# YOUR OBJECTIVE
Write exactly the lines running from the start of the material below to the line that includes "Muster der individuelle", and include no pictures.

<<<<

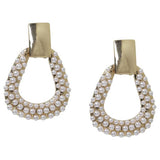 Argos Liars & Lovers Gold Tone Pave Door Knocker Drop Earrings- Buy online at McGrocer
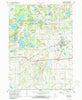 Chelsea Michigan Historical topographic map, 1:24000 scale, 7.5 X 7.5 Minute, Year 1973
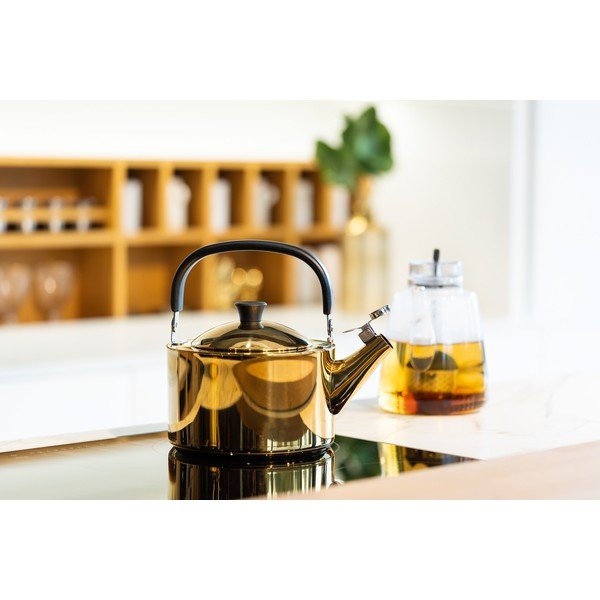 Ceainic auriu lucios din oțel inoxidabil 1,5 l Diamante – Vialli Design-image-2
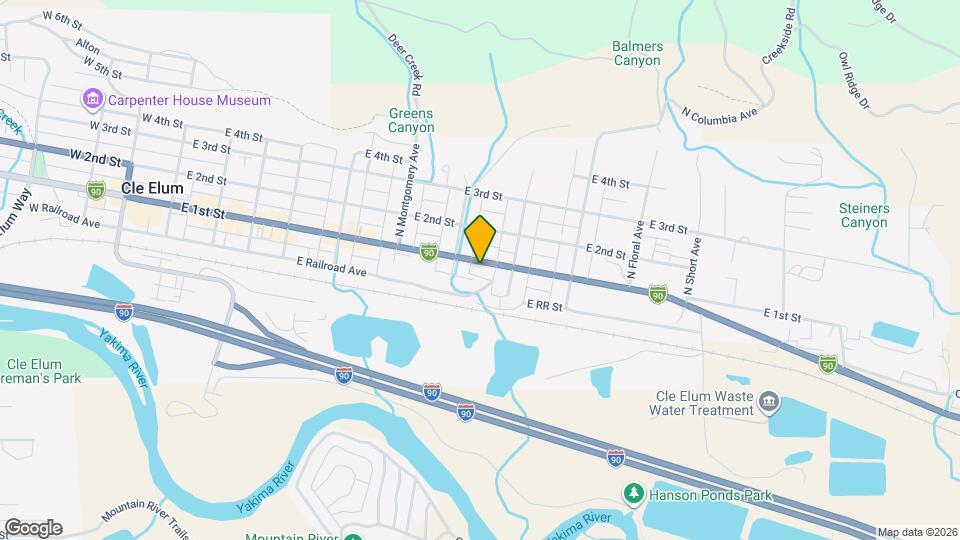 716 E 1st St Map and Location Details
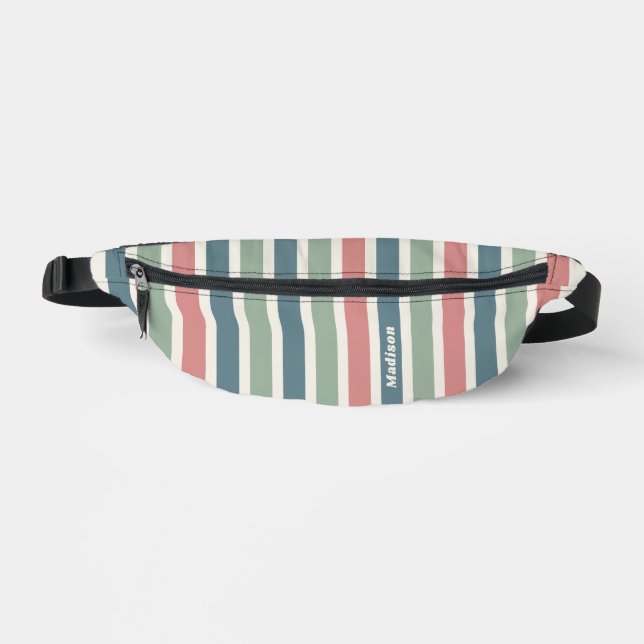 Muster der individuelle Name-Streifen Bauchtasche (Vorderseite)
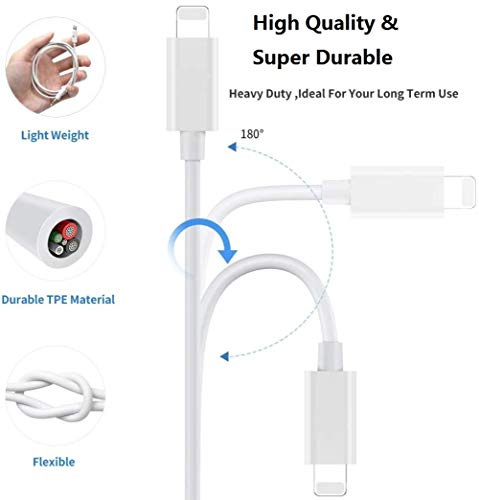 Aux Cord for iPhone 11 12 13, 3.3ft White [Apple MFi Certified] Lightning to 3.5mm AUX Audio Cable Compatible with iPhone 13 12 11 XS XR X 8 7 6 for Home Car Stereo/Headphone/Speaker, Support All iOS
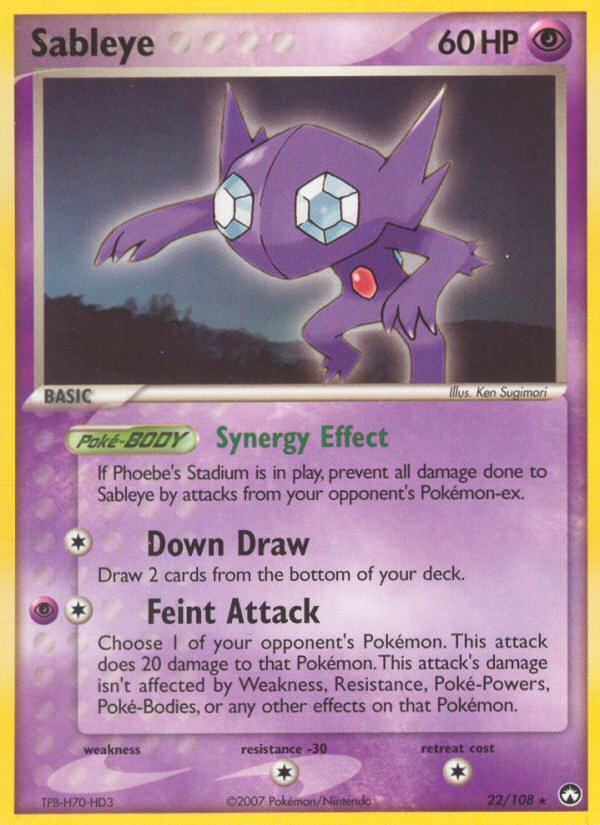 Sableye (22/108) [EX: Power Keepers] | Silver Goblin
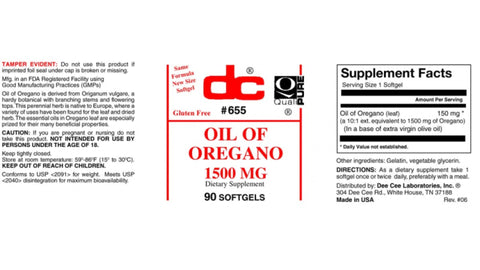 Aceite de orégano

>>>>

# OUTPUT OF THE TASK
 Argos Liars & Lovers Gold Tone Pave Door Knocker Drop Earrings- Buy online at McGrocer
 Chelsea Michigan Historical topographic map, 1:24000 scale, 7.5 X 7.5 Minute, Year 1973
 Ceainic auriu lucios din oțel inoxidabil 1,5 l Diamante – Vialli Design-image-2
 716 E 1st St Map and Location Details
 Muster der individuelle Name-Streifen Bauchtasche (Vorderseite)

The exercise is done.